Defendant Gander Mountain filed a Motion to Dismiss the strict products liability claim under the Restatement Second and the breach of warranty claims. Judge Caputo found that because the Restatement Third of Torts should be applied, the Defendant’s Motion to Dismiss the strict liability claim was granted. Judge Caputo has taken the same approach in his prior two decisions applying the Restatement Third:
“Once the United States Court of Appeals for the Third Circuit predicts how a state’s highest court would resolve an issue, district courts within the circuit are bound by this prediction unless the state supreme court issues a contrary decision or it appears from a subsequent decision of the appellate courts that the court of appeals erred.” Largoza v.Gen. Elec. Co., 538 F. Supp. 1164, 1166 (E.D. Pa. 1982).

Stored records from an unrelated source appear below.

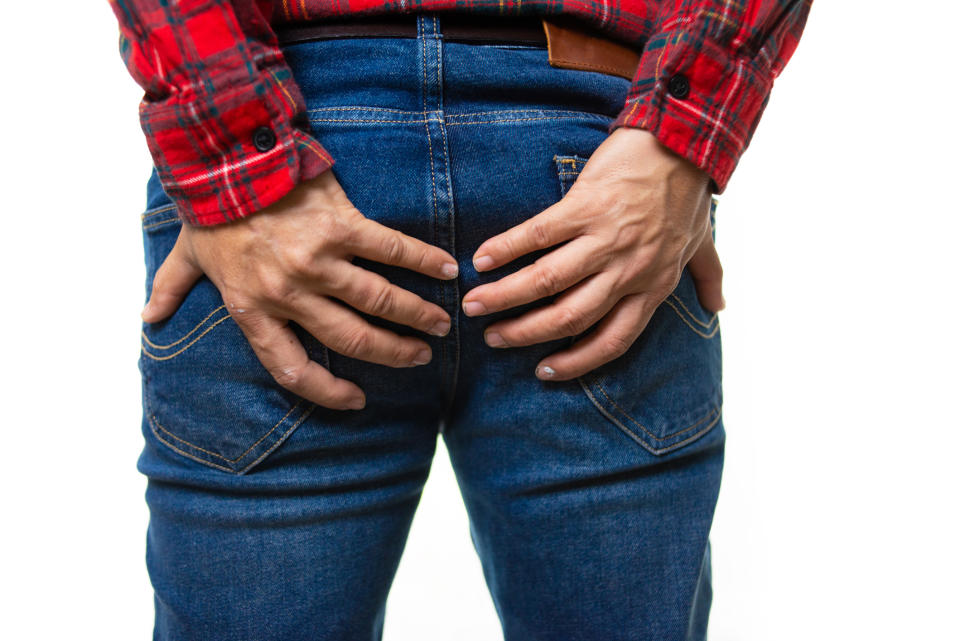 Close-up of a jeans-covered rear end with hands cupping the cheeks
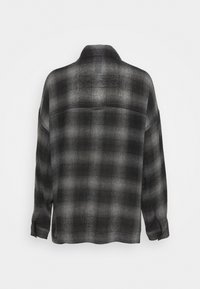 Košile s dlouhým rukávem, černá a šedá károvaná. Obsahuje límec, knoflíkové manžety a volný střih s texturovanou, mírně průsvitnou tkaninou.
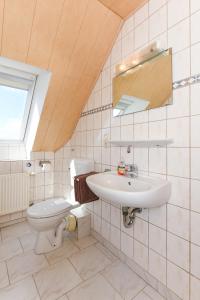 a bathroom with a toilet and a sink at Ferienwohnung Mühlenblick auf dem Ferienhof Eschen in Moorweg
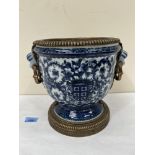 A Chinese blue and white decorated campana urn with bronze mounts. 9¾' high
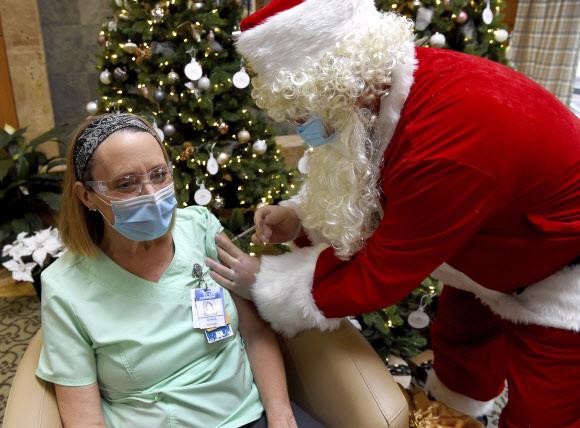 산타 복장을 한 응급전문의가 16일 미국 코넷티컷주 맨체스터 메모리얼병원에서 간호사에게 화이자 백신을 접종하고 있다.맨체스터 로이터 연합뉴스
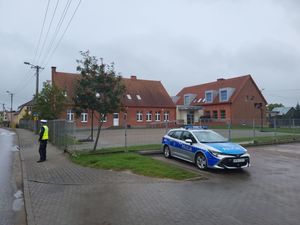 Policyjny radiowóz stojący na parkingu przed budynkiem szkoły na chodniku obok stoi policjant w żółtej kamizelce odblaskowej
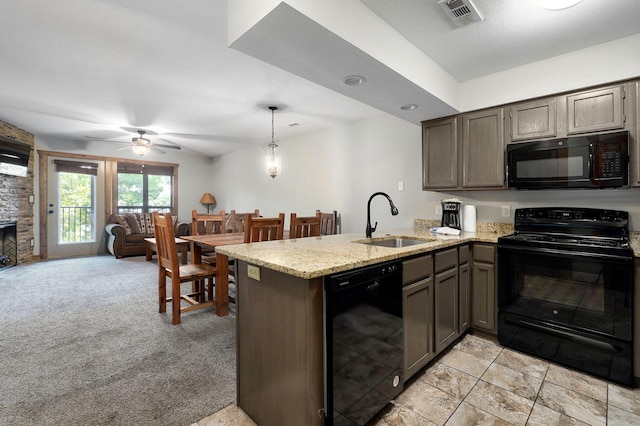 kitchen with pendant lighting, sink, kitchen peninsula, black appliances, and light carpet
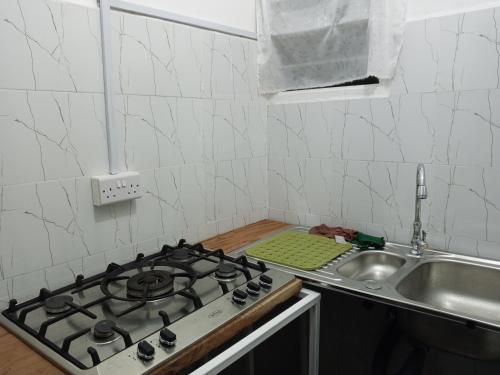 uma cozinha com fogão forno ao lado de um lavatório em Haven Apartment em Mombasa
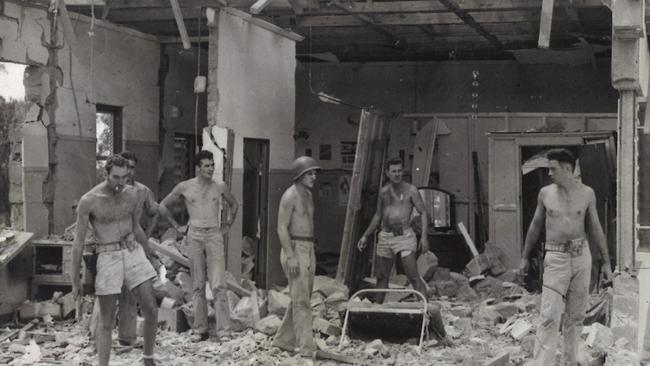 Soldiers survey damage to a Darwin house after it was hit during a Japanese bombing raid.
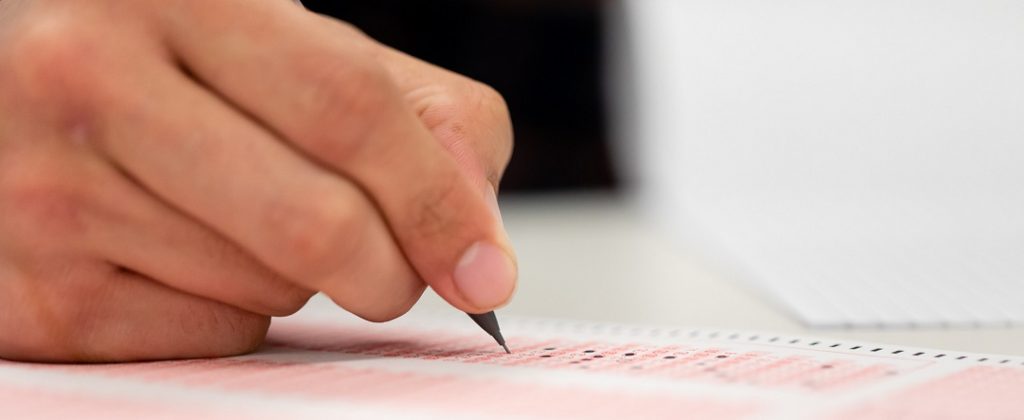 Photograph of a hand filling out a bubble sheet. 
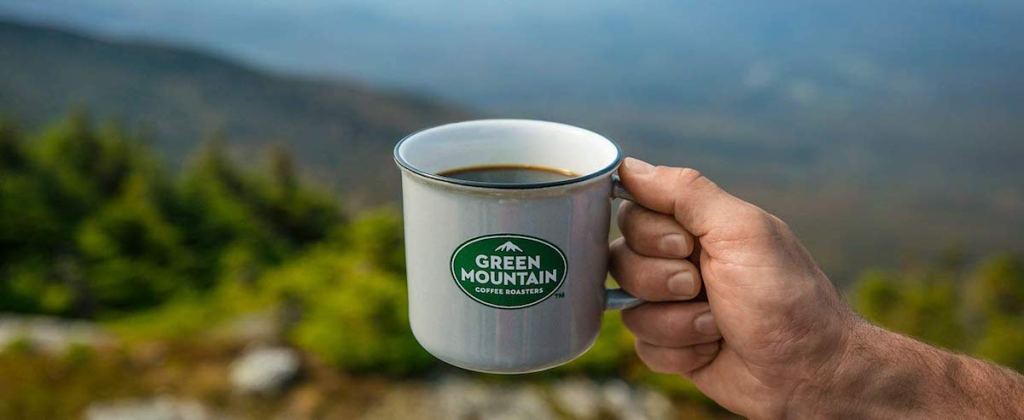 person holding green mountain coffee mug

The Court was referring to the Third Circuit’s most recent prediction in Covell v. Bell Sports, Inc., 651 F.3d 357 (3d Cir. 2011), where the Court predicted that the Pennsylvania Supreme Court would adopt the Restatement Third. The Third Circuit additionally suggested that the Restatement Third was the proper standard for Pennsylvania products cases in a footnote in Sikkelee v. Precision Automotive, 2012 U.S. App. LEXIS 22185, n. 1 (3d Cir. 2012), despite the Pennsylvania Supreme Court’s decision in Beard v. Johnson, 41 A.3d 282 (Pa. 2012), where the Court held that the standards in the Restatement Second are to be applied to Pennsylvania product liability cases. Accordingly, the Pennsylvania Supreme Court’s pending decision in Tincher will bring an end to the varying application of substantive law in Pennsylvania products liability cases.